Un par
de estudiantes le pidió la semana pasada si podía dedicar parte de una clase a
explicarles qué es eso del Ejército Islámico. Él los había alentado a que consideraran
la materia como un territorio abierto para tratar cuestiones de la actualidad, aquellos
temas que verdaderamente les interesaran, pero una vez planteada la inquietud
le da miedo que el punto en cuestión desbarranque hacia el comentario de
morbosas decapitaciones en video y malos asuntos por el estilo.
De
pronto, en una página del diario de hoy, se topa con una perspectiva absolutamente
diferente y mucho más sustanciosa para debatir el punto. Ocurre que, según
reportó el diario The Financial Times
y reproducen los periódicos nacionales, Muhammad Jibril Abdul Rahman, también
conocido como el Príncipe de la Yihad, contrató los avisos de Google para su
página Arrahmah.com, plataforma desde la que se regodea proyectando al mundo
las ejecuciones periódicas bárbaras de todos esos infieles que levantan el dedo
o la palabra contra el fundamentalismo islámico.
Al
parecer este indonesio, a quien además se acusa de financiar los atentados
suicidas de 2009 en Yakarta, obtuvo gracias a Google miles de dólares en
ingresos publicitarios.
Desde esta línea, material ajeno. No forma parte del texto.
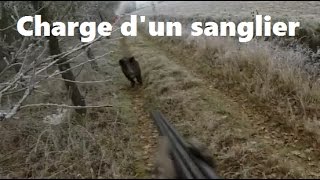 Un sanglier charge 4 postés [upl. by Bruni]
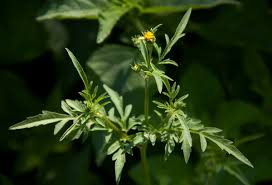 Image result for Bidens bipinnata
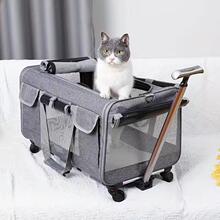T 13872 Foldable Pet Carrier with Wheels ���۵������� ר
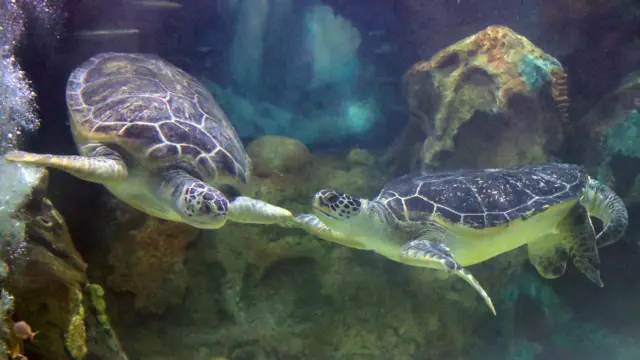 Two sea turtles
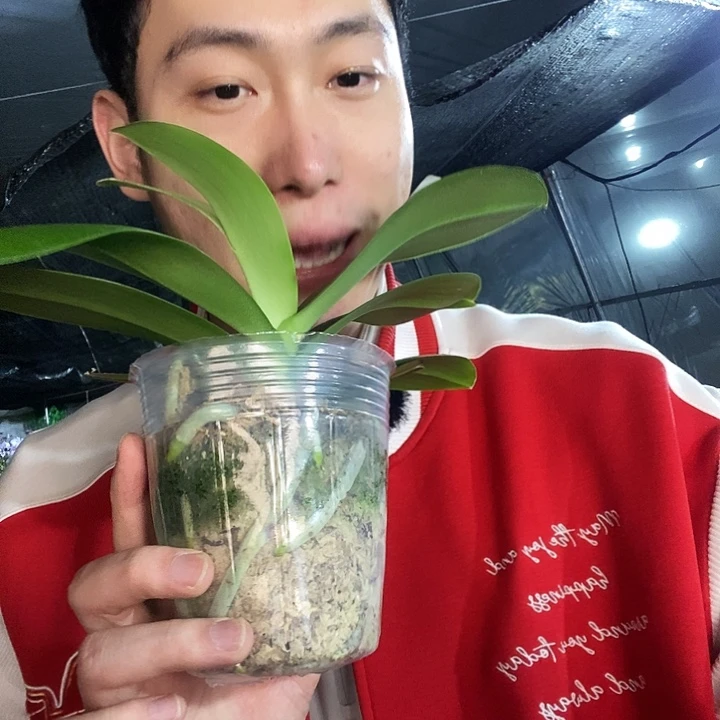 无花朵油画蝴蝶兰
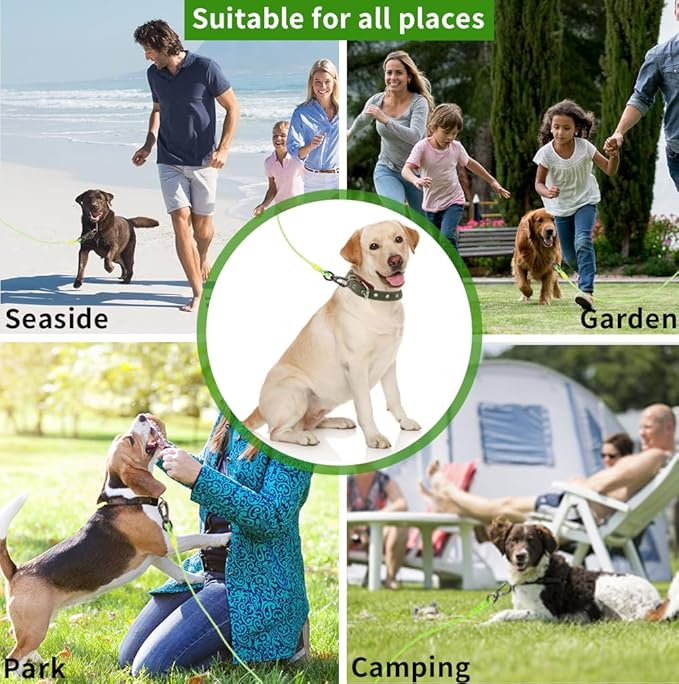 Dog Tie Out Cable, 30FT, Green, Suitable for Dogs up to 350 pounds, Lightweight, Non-Winding, for Outdoor Use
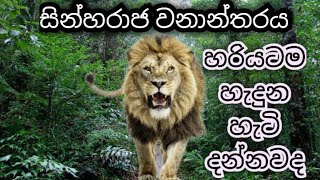 සින්හරාජ වනාන්තරයේ සුන්දරත්වය ./ sinharaja forest in sri lanka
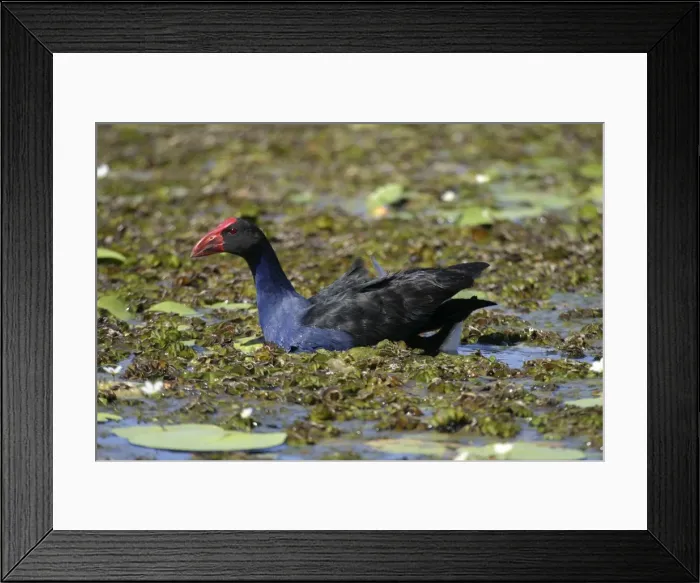 Framed Print : Purple Swamphen Swimming through floating lake vegetation Lake Moondarra, Mt Isa, Queensland, Australia Framed Print : Purple Swamphen Swimming through floating lake vegetation Lake Moondarra, Mt Isa, Queensland, Australia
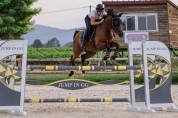 Jolie jument de sport de 6 ans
También recaudó buen dinero gracias a otros
anunciantes, como Microsoft, IBM y Citigroup, tres de las multinacionales con
avisos en la página que ahora se ven envueltas por un escándalo de relaciones
públicas. Aunque las que quedaron peor paradas probablemente hayan sido la
mencionada Google y AdSense, su servicio de publicidad. La automatización de
AdSense, que le ha permitido a Google una posición dominante en el mercado
publicitario de Internet, con un costo mínimo de personal, e hizo llover sobre Rahman
maná verde.
No hay
ninguna evidencia, al menos por ahora, de que los anunciantes tuvieran
conocimiento del lugar que transitaban sus avisos. De otra manera, en Estados
Unidos se enfrentarían a multas millonarias en dólares o penas de hasta 20 años
de cárcel.
Publicidad
a los costados de filmes de lapidaciones y cuellos cortados malamente. Cosas
del capitalismo seductor que ni siquiera los más ortodoxos pueden resistir.